We are living through a collective delusion. Frontier Labs have poured hundreds of billions of dollars into scaling transformers on internet text, and have convinced us that because the outputs look impressive, something profound is happening underneath. It is not. Large language models, in their current paradigm, are a statistical dead end — and the sooner we reckon with this, the sooner we can build systems that actually think.
Let us be precise about what LLMs are: they are extraordinarily sophisticated compression engines. They interpolate over a fixed corpus of human-generated text, learning to predict what a human would say next. This is not intelligence. The knowledge ceiling of any LLM is permanently capped at the boundary of human knowledge at the time of its training. You cannot compress your way to a discovery.
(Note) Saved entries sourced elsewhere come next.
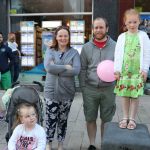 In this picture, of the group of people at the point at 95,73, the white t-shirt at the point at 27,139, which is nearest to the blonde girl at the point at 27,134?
Answer: the white t-shirt at the point at 27,139

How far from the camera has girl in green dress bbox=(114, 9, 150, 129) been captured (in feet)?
16.8

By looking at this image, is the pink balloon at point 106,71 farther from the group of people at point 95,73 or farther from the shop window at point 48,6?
the shop window at point 48,6

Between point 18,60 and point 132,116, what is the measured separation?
7.43 metres

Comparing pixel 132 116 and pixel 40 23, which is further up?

You cannot predict your way to a proof that no human has ever written. The model can recombine, rephrase, and retrieve — but it cannot discover. And discovery is the entire point.
The counterargument people reach for is reasoning. Surely chain-of-thought, o-series models, extended thinking — surely these break the ceiling? They do not. These techniques improve the model's ability to navigate its latent space more carefully. But that latent space was built from human traces. The model is still, fundamentally, asking: what would a human write here? It has no independent relationship with truth.
The proof that a radically different approach works already exists. AlphaGo did not become superhuman by studying human games. It became superhuman by playing against itself, by discovering strategies so alien that grandmasters needed months to understand what had happened. The knowledge it generated was genuinely novel — it was not in the training data because no human had ever thought it. Reinforcement learning, grounded in first principles and self-play, broke the ceiling entirely.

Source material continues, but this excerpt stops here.